### Description of the task
Return the data below in full and exactly, except that the pictures are dropped.

### The data

* * * *

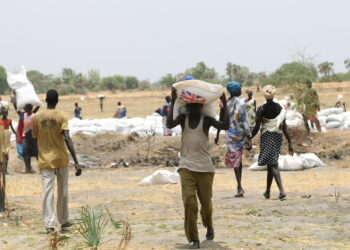 The Urgent Need For Food In The Land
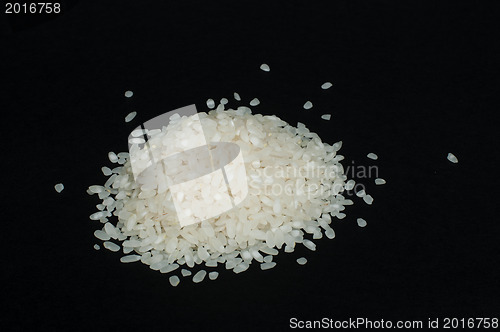 Image of Rice baldo and branch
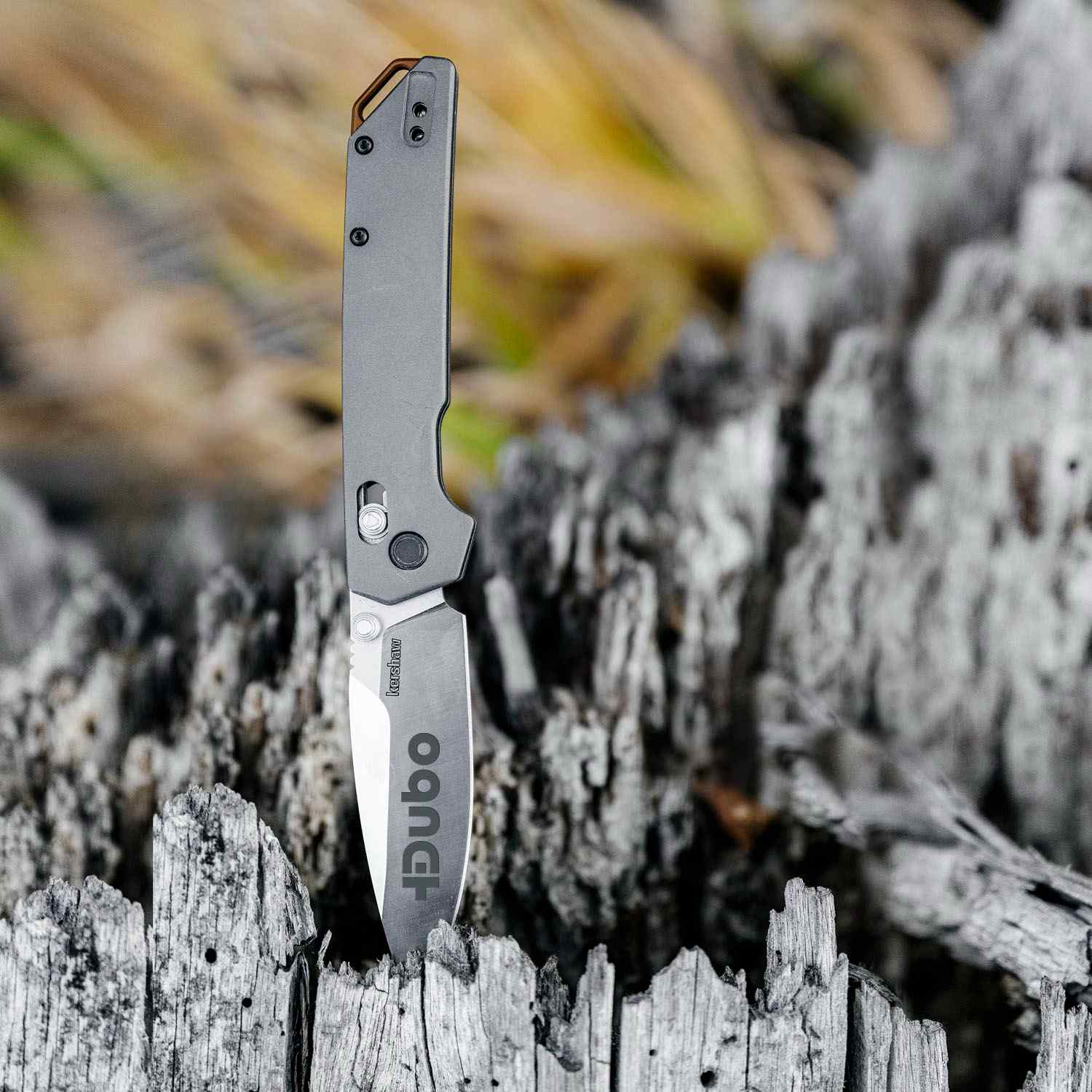 Kershaw® Iridium 2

* * * *

### Exercise result
 The Urgent Need For Food In The Land
 Image of Rice baldo and branch
 Kershaw® Iridium 2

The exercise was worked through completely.